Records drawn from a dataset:
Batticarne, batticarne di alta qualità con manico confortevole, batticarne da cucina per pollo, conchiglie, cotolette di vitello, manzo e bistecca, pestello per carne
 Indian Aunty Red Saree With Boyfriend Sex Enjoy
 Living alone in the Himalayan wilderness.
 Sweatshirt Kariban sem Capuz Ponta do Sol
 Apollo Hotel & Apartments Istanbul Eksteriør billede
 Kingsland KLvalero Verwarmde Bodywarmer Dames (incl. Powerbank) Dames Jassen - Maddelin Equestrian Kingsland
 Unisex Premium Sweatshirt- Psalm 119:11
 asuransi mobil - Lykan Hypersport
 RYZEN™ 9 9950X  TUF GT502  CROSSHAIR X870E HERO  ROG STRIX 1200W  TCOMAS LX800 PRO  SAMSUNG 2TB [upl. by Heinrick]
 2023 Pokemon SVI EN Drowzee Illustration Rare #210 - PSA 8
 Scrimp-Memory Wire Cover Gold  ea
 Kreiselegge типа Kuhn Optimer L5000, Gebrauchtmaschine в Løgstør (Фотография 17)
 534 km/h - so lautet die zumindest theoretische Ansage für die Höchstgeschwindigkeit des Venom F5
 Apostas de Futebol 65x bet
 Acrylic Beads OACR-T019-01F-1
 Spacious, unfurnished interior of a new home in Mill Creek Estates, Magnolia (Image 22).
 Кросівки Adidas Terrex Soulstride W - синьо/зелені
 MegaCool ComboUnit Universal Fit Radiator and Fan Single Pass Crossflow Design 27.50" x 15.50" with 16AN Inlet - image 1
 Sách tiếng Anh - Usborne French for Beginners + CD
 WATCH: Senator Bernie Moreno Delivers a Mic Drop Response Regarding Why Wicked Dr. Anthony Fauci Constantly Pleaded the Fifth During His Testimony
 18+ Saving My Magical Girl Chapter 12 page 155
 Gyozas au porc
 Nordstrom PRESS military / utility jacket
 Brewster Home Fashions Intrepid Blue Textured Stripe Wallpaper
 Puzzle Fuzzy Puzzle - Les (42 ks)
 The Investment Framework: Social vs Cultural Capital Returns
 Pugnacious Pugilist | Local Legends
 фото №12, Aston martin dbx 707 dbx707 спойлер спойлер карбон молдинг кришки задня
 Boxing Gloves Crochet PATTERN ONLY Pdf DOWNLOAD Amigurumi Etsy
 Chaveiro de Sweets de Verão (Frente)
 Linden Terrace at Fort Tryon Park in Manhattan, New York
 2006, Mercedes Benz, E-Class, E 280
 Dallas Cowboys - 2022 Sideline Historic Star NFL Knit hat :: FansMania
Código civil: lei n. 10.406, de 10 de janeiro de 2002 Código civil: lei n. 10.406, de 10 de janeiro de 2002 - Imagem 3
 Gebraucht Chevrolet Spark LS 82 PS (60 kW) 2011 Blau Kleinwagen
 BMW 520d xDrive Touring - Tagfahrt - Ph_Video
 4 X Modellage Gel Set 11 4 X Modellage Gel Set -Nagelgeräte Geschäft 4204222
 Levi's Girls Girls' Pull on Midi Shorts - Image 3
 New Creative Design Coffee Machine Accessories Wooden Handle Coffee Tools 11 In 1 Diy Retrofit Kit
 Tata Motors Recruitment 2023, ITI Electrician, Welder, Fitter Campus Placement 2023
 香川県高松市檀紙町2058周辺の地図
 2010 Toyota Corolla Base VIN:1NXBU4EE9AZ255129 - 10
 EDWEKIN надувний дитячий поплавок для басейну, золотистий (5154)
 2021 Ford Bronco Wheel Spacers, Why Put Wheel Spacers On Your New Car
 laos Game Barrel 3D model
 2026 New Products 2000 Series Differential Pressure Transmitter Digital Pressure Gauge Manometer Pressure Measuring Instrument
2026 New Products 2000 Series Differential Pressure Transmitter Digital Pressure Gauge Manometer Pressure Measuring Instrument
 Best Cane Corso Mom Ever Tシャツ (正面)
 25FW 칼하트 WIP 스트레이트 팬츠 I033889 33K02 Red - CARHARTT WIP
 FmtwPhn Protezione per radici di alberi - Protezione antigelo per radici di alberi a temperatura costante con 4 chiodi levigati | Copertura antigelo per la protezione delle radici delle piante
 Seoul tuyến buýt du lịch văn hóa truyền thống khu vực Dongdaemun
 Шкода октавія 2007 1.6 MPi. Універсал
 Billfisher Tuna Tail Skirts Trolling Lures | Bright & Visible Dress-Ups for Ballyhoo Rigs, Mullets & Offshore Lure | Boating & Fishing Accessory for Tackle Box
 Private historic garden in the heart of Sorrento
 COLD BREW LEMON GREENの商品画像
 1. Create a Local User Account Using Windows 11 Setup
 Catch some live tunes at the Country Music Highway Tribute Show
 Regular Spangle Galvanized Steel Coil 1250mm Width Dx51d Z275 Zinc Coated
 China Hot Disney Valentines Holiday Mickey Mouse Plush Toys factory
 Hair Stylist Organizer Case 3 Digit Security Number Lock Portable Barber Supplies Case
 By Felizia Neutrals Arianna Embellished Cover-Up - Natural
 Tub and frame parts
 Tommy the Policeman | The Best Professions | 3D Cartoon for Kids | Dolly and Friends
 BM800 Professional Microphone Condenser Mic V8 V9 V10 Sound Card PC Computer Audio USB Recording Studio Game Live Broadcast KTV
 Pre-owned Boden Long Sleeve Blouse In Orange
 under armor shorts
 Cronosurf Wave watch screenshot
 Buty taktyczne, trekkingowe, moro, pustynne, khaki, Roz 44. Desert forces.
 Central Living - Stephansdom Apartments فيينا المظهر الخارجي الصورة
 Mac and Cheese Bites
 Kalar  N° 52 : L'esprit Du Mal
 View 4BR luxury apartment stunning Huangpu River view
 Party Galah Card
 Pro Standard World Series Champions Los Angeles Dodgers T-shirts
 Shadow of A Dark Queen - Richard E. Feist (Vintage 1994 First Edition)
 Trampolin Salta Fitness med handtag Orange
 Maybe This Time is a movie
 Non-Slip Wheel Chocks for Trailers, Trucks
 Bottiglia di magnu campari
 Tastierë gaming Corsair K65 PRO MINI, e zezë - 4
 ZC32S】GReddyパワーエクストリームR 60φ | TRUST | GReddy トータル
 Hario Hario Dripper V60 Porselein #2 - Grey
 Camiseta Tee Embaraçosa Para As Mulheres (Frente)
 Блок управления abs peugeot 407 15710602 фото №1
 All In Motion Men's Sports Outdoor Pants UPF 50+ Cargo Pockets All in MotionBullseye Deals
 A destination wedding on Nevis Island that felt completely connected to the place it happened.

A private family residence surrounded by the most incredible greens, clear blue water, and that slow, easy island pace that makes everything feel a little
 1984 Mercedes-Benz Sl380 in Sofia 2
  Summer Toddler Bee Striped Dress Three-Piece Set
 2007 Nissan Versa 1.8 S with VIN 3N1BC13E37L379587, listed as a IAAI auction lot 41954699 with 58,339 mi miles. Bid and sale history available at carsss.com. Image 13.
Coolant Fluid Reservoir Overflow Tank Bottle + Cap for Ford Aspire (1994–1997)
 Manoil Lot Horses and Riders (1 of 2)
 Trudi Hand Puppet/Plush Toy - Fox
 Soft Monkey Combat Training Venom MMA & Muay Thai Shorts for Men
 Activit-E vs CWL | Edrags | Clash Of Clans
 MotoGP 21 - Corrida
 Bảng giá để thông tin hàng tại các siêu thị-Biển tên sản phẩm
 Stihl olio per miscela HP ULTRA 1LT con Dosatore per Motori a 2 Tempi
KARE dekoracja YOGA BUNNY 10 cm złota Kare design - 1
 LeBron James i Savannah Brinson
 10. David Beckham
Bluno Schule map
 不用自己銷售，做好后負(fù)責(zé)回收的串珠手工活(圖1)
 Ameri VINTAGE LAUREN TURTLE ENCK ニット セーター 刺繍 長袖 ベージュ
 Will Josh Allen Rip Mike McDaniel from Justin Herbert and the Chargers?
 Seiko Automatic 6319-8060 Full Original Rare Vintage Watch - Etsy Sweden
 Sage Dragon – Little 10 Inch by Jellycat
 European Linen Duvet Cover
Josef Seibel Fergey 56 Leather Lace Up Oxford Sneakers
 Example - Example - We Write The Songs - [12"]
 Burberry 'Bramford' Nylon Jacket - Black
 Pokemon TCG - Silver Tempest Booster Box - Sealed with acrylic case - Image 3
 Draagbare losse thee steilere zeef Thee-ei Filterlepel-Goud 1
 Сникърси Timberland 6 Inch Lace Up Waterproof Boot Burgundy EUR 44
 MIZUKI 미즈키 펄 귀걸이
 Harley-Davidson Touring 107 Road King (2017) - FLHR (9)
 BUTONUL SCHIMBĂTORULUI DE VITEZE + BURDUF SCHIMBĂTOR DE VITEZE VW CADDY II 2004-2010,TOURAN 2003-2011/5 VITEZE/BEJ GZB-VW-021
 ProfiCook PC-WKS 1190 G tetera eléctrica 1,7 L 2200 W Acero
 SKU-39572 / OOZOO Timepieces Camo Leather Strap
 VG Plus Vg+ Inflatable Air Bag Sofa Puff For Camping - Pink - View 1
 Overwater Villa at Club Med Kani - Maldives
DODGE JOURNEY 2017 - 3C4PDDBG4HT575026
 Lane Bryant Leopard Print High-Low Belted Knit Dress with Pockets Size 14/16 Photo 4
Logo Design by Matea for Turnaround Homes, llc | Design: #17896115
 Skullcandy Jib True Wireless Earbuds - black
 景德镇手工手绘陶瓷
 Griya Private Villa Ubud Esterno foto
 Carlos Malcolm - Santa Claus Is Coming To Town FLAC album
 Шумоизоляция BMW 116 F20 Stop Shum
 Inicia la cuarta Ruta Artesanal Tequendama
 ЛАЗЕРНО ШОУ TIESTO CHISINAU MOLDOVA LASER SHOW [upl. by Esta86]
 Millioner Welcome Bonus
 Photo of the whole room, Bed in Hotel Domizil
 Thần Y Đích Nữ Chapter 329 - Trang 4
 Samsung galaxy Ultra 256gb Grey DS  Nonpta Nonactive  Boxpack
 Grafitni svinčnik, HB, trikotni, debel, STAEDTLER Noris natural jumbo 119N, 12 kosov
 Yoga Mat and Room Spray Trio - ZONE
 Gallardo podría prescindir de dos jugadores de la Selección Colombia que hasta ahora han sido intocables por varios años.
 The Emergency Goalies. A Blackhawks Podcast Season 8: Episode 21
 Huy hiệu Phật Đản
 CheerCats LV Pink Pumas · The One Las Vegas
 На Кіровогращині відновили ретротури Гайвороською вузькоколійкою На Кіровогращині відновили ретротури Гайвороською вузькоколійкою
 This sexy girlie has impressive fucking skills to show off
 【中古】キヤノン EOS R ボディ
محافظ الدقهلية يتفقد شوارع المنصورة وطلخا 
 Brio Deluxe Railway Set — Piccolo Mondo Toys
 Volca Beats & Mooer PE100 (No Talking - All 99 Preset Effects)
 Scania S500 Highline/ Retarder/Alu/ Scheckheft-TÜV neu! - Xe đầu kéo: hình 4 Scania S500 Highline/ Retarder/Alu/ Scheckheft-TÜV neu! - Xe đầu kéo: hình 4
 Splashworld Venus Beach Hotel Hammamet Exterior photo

▶ [TASK DESCRIPTION]
Only one stretch of the entries above is wanted: the lines from the one containing "Nordstrom PRESS military / utility jacket" through the one containing "Boxing Gloves Crochet". Please reproduce it exactly.

▶ [RESPONSE TO THIS TASK]
 Nordstrom PRESS military / utility jacket
 Brewster Home Fashions Intrepid Blue Textured Stripe Wallpaper
 Puzzle Fuzzy Puzzle - Les (42 ks)
 The Investment Framework: Social vs Cultural Capital Returns
 Pugnacious Pugilist | Local Legends
 фото №12, Aston martin dbx 707 dbx707 спойлер спойлер карбон молдинг кришки задня
 Boxing Gloves Crochet PATTERN ONLY Pdf DOWNLOAD Amigurumi Etsy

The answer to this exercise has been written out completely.